The admissions requirements listed below are particular to this Department and must be read in conjunction with the general requirements of the Graduate School of Arts and Sciences (GSAS). For more information about the application process, see the GSAS website. Please note that all applications must be filed online through the GSAS website.
For a list of required application materials and deadlines, see the Slavic Department page on the GSAS website.
For all Slavic graduate programs, an undergraduate major in the appropriate Slavic language and literature is desirable but not required. The Department will also consider applicants with solid backgrounds in other literatures, history, philosophy, religion, or other disciplines in the humanities. Non-native speakers of English must demonstrate proficiency in English on the TOEFL examination, unless their undergraduate degree is from an institution in a country whose official language is English.

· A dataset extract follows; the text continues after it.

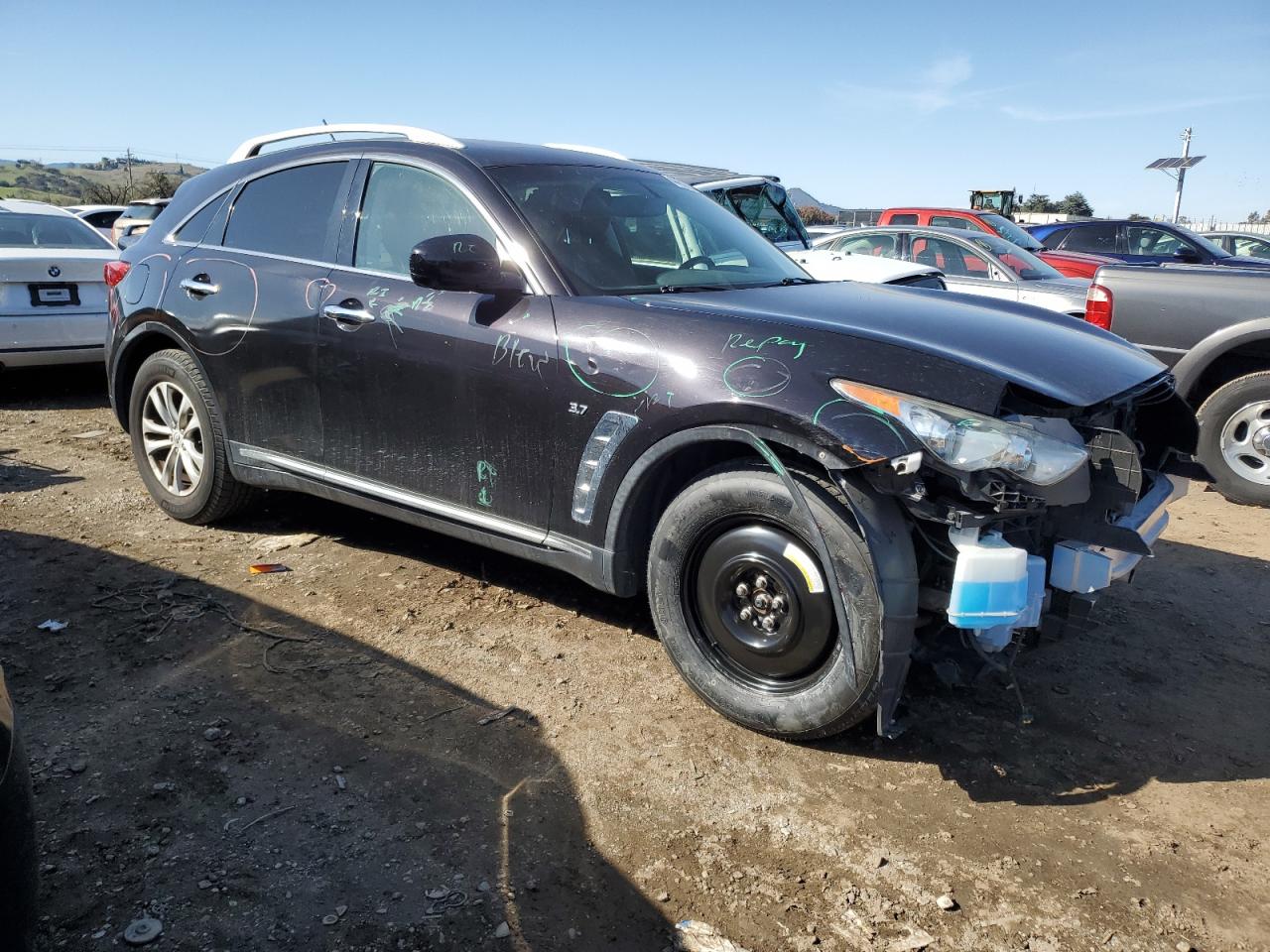 2015 Infiniti QX70 - Image 4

Students whose interest and expertise in multiple languages enable them to work comparatively in several national or regional cultures might refer to the admissions information on the Institute for Comparative Literature and Society website, as well as the pages on the Slavic website describing the PhD programs in Slavic Languages with a Certificate in Comparative Literature and Society. The concentration in comparative literature is also interdisciplinary, affording students the opportunity to explore a variety of methodological and disciplinary approaches to the study of cultural and literary artifacts. Students interested in combining the study of any of the Slavic literatures with area studies should see the requirements for the Harriman Certificate.

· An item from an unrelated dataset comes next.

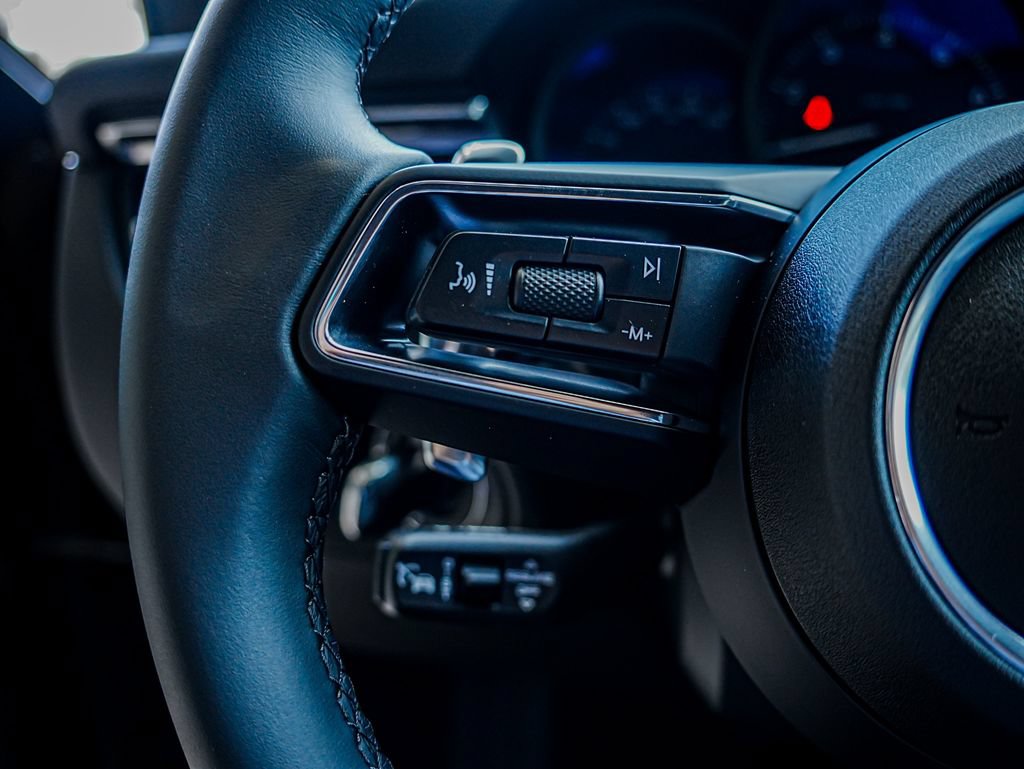 New 2026 Porsche Macan AWD/4WD image 19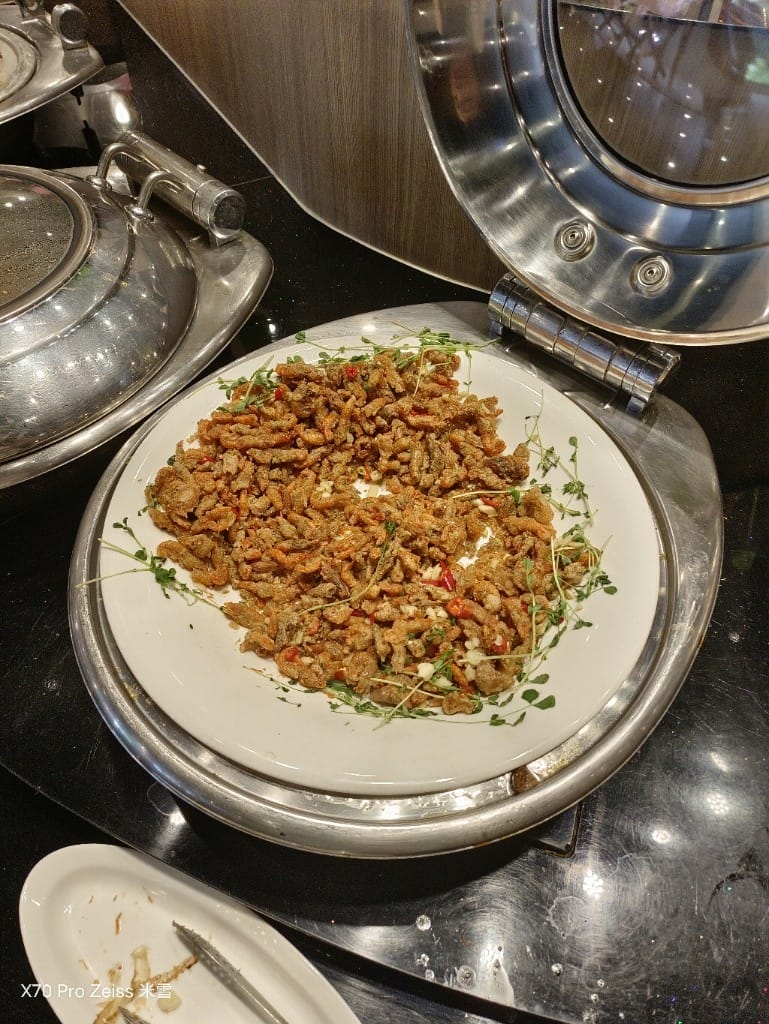 【新莊美食】貴族世家體育館店，平價豐富又好吃的自助吧！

Admission to the programs in Russian Literature and Russian Translation normally presupposes four years of college-level Russian (or; the equivalent). Graduate students in Russian Literature are expected to read both Russian literature and literary criticism in the original and be able to participate in graduate classes conducted in Russian. Admission to the Czech, Polish, South Slavic, or Ukrainian programs, requires two or three years of college-level instruction (or the equivalent) in the relevant language. The M.A. program in Slavic Cultures does not have an explicit language requirement for admission.